Work order: Here the job is to transcribe the data verbatim while leaving each picture out.

START Data segment

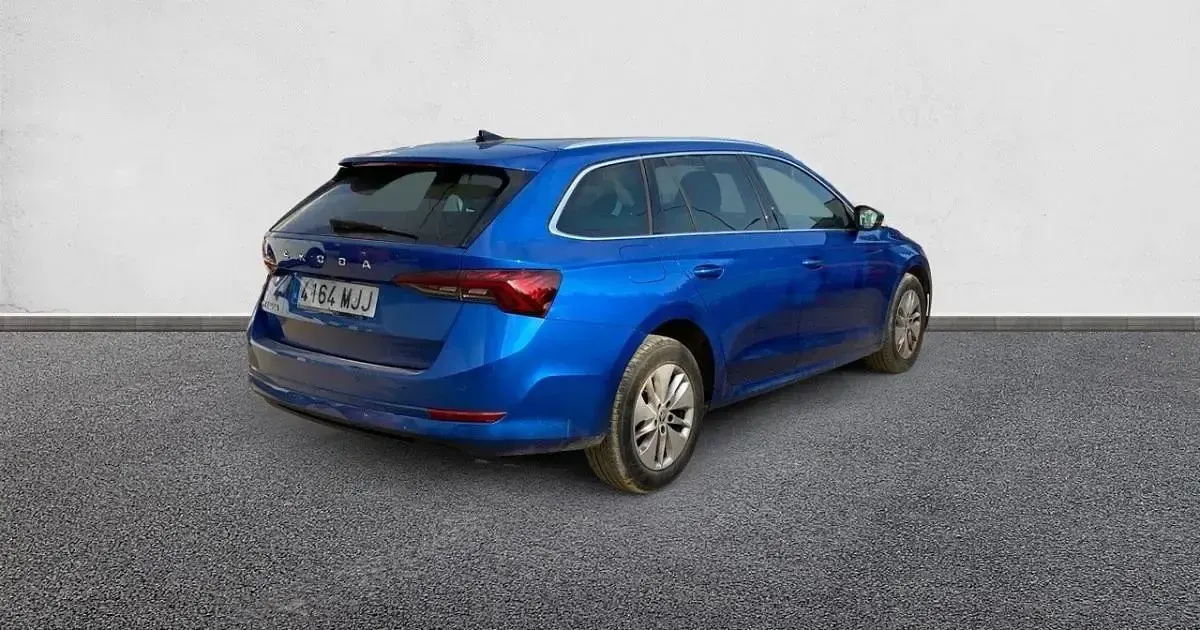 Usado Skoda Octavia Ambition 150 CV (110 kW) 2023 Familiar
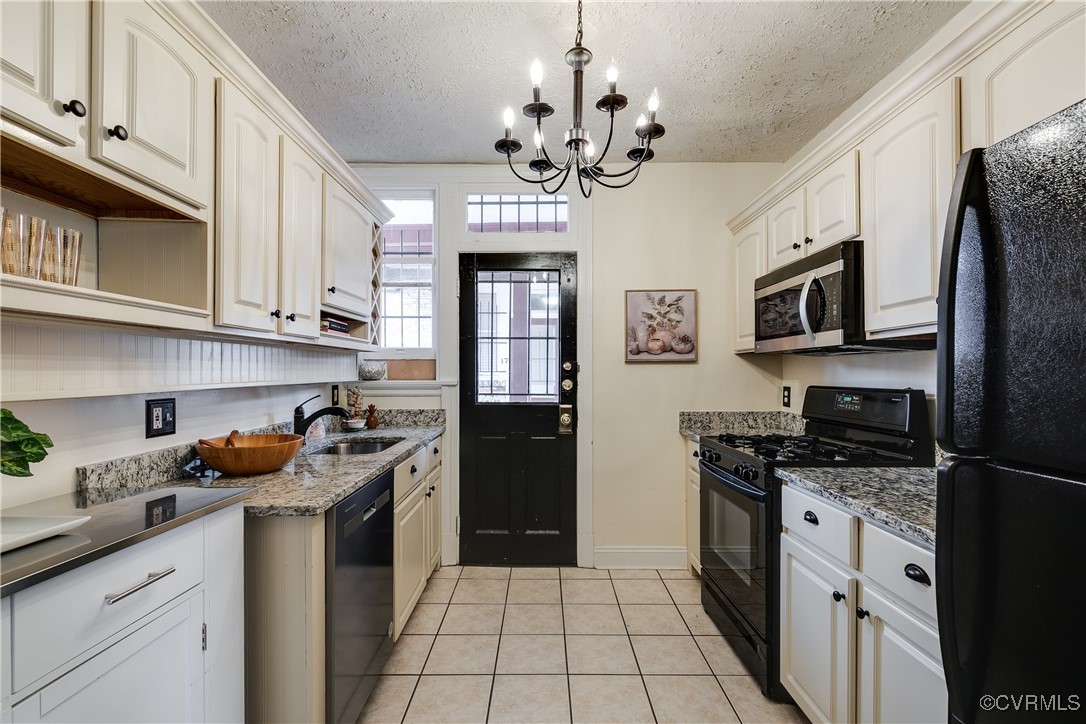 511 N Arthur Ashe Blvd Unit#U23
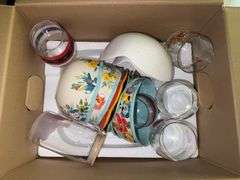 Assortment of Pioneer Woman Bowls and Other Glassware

END Data segment

Result for this exercise:
 Usado Skoda Octavia Ambition 150 CV (110 kW) 2023 Familiar
 511 N Arthur Ashe Blvd Unit#U23
 Assortment of Pioneer Woman Bowls and Other Glassware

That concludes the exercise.